去年11月、衆議院憲法審査会で実質的な審議が始まり、与党側は、内容の議論は尽くされているとして早期の採決を求めました。

これに対し、立憲民主党などは、今の法律では、テレビ広告の費用に上限がないため、資金力のある政党や政治団体の主張が結果に影響を与えかねず、広告規制も議論すべきだとして時期尚早だと主張。

臨時国会の会期末を前に、自民党と立憲民主党の幹事長が会談し、今の国会で「何らかの結論」を得ることで合意しました。

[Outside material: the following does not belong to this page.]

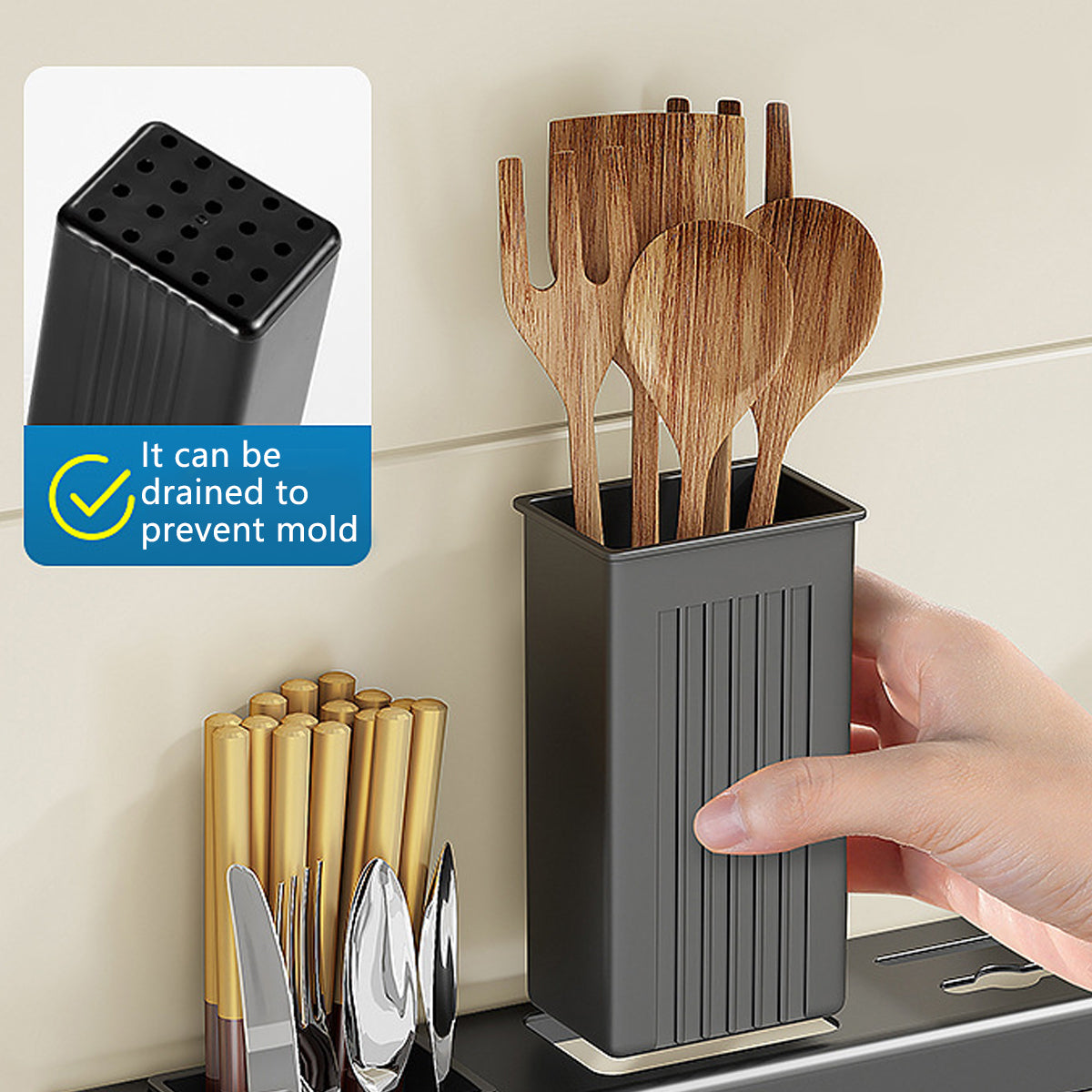Premium Black 40cm Wall Mounted Carbon Steel Kitchen Utensil Rack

今の国会では、先月15日に衆議院憲法審査会で審議が再開され、来月16日の会期末に向けて、その取り扱いが焦点となっていました。

自民 新藤元総務相「責任果たせたが通過点」

衆議院憲法審査会の与党側の筆頭幹事を務める自民党の新藤元総務大臣は、記者団に対し「採決がいたずらに引き延ばされてきたことは遺憾だが、円満に採決できたことは喜ばしく、責任を果たせた。国民投票法は、時代状況や公職選挙法の動向によってアップデートが必要で、きょうは通過点だ。憲法改正の議論もさらに進めていかなければならない」と述べました。

自民 細田衆院憲法審査会長「一歩前進」

自民党の細田衆議院憲法審査会長は、記者団に対し「意見の相違があまりないのに、採決まで3年も時間がかかったのは遺憾だが一歩前進だ。緊急事態条項も含め、憲法の在り方については国民的関心が高まっていて、問題がいくつも残っている。さらに議論を進めることが大事だ」と述べました。

立民 山花憲法調査会長「1つの成果」

立憲民主党の山花憲法調査会長は、記者団に対し「与野党で主張に隔たりのある状況が続いてきた中で、最後にお互いギリギリのところで着地点を見いだせたことは1つの成果だ。法案にはCM規制などの課題があり、投票の公正さに疑義が生じる可能性もあると考えており、今後は、この議論に最優先で取り組むべきだ」と述べました。

維新 馬場幹事長「法案可決は当然のこと」

日本維新の会の馬場幹事長は、記者会見で「法案の可決は当然のことで、遅きに失した。ただ、修正案については、今後の憲法審査会の開催を妨害する意図があると感じ反対した。来週以降も審査会を開き、国民に憲法改正の必要性を感じてもらえるよう、いろいろな課題の議論を深めていきたい」と述べました。

共産 志位委員長「採決に強く抗議したい」

共産党の志位委員長は、記者会見で「採決が行われたことに強く抗議したい。『戦争国家』や『独裁国家』づくりを進めようというのが、自民党の改憲4項目であり、それへの第一歩という位置づけで国民投票法の改正が進められているわけなので、断固反対だ。『安倍・菅改憲』を許さない戦いに本腰を入れて取り組んでいきたい」と述べました。